SIMPLESMENTE QUERIA QUE GUARDIOLA PUDESSE ASSUMIR A SELEÇÃO E RESGATAR EM TODO O FUTEBOL BRASILEIRO A QUALIDADE DO JOGO
Não é por causa dessa ameaça de Felipão a mim que não torcerei pelo time dele (meu problema maior sempre foi mais com o assessor de imprensa dele, um profissional que mais afasta o cliente da imprensa do que o aproxima). Eu admito a alegria e o orgulho do meu pai, um torcedor fanático da Seleção, coisa difícil de se ver na minha geração. Eu simplesmente queria, como romântico que sou e como amante do bom futebol, que Guardiola pudesse assumir a Seleção e resgatar não só nela mas em todo o futebol brasileiro a qualidade do jogo, a busca por um estilo mais brasileiro, mais holandês, como é o do Barcelona desde Rinus Michels e Cruyff.

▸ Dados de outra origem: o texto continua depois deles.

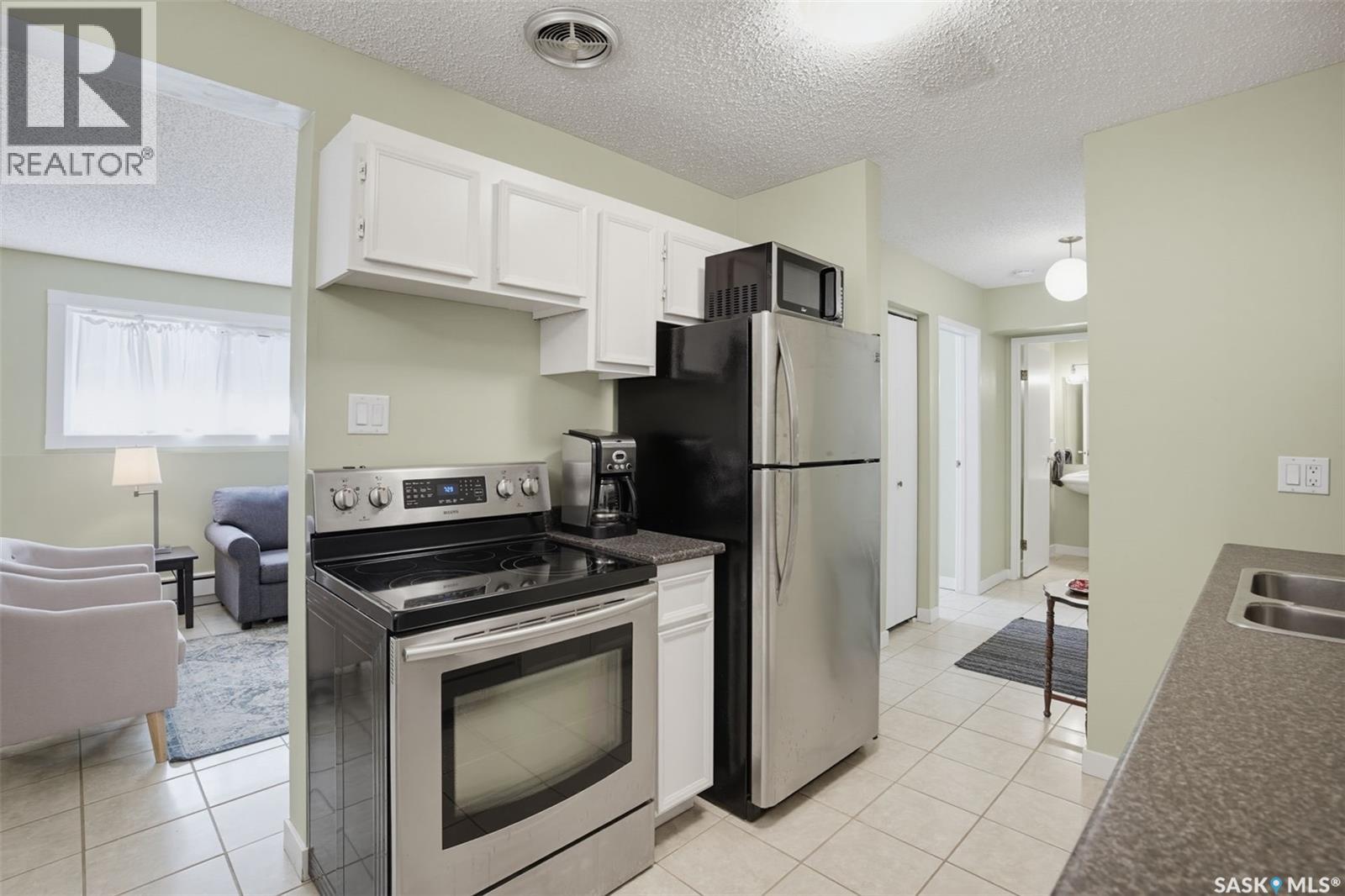 104 720 8th Street E Property Photo 10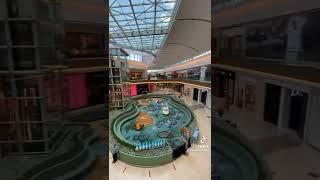 This Mall is HUGE!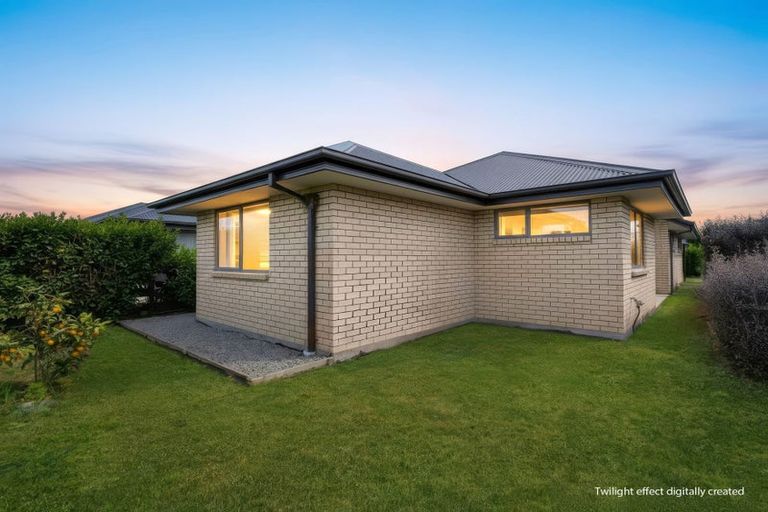 Photo of property in 17 Charente Way, Yaldhurst, Christchurch, 8042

Com Marin é que não haveria mesmo uma renovação, nada seria oxigenado no futebol brasileiro, muito ao contrário.
A escolha por Felipão e Parreira simboliza a opção pelo futebol de resultado, tudo o que eu não queria, como jornalista (seria muito mais legal e leve cobrir o time com Guardiola), como um cara que curte futebol lúdico (o que Guardiola tem de melhor é chegar para seus jogadores antes das partidas e dizer “desfrutem”) e como brasileiro (a identidade nacional passa por uma equipe que orgulhe seu país e retrate seu espírito alegre, despojado e artístico em campo). Se falei da minha relação conflituosa com Felipão (nem contei que fui a Portugal pela “Folha de S. Paulo” mostrar o bem que ele fez unindo o povo em torno da seleção na Euro-2004 e que, após o assessor dele me negar uma mísera frase dele para o jornal como um “castigo”, torci sim para a Grécia naquela final, sem acreditar que era possível aquele ótimo time luso dar vexame em casa e cair de novo diante do tosco, defensivo e previsível selecionado grego), sempre fui um bom amigo de Parreira (Carlos Alberto, não “Antonio” ou “Parreiras”, como disse na coletiva Marin, um dirigente do tempo dos telegramas).
Parreira é um homem cheio de virtudes, assim como Felipão, só que é polido, bem-educado, um estudioso, um teórico da bola, um amante da história do futebol, um cidadão do mundo, nada provinciano. Mesmo sendo muito mais refinado que Luiz Felipe Scolari, ele conseguiu também unir o povo em torno da Seleção em alguns momentos, como fez com a África do Sul em 2010 na Copa do Mundo. Acho bacana conseguir essa ligação entre povo e seleção, só que eu preferia mesmo que isso acontecesse como em 1982, época em que o cheiro da democracia começava a tomar conta do país e época em que uma seleção deliciosa encantava qualquer garoto como eu ou mesmo qualquer senhor que tenha visto as lendárias seleções de 1958, 1962 e 1970.
Faz tempo que não discuto futebol com Parreira, durante meses preparei colunas dele na “Folha de S. Paulo” e cheguei a fazer, como jornalista, o breve curso da CBF no qual ele era professor. Não sei o quanto ele está atualizado, só sei que ele está motivado como sempre a participar de mais uma Copa do Mundo. Mas em 2006 ele foi uma negação, em vários sentidos. Motivação não faltará ao Brasil em 2014, e creio sim que na hora H a imensa maioria do povo, como pediu Marin, abraçará a Seleção (foi assim em 1970 quando a Seleção ganhou o tri, com Parreira como preparador físico e com a ditadura como pano de fundo). Eu não abraçarei, peço perdão por essa minha fraqueza. É contra os meus princípios, embora eu ficarei sim feliz vendo milhões de conterrâneos e muitos que estarão ao meu lado felizes.
Resmumindo: eu amo o Brasil demais, mesmo com todos os problemas e erros. Mas não posso me permitir agora torcer e abraçar esta seleção. Hup! Hup! Holland!"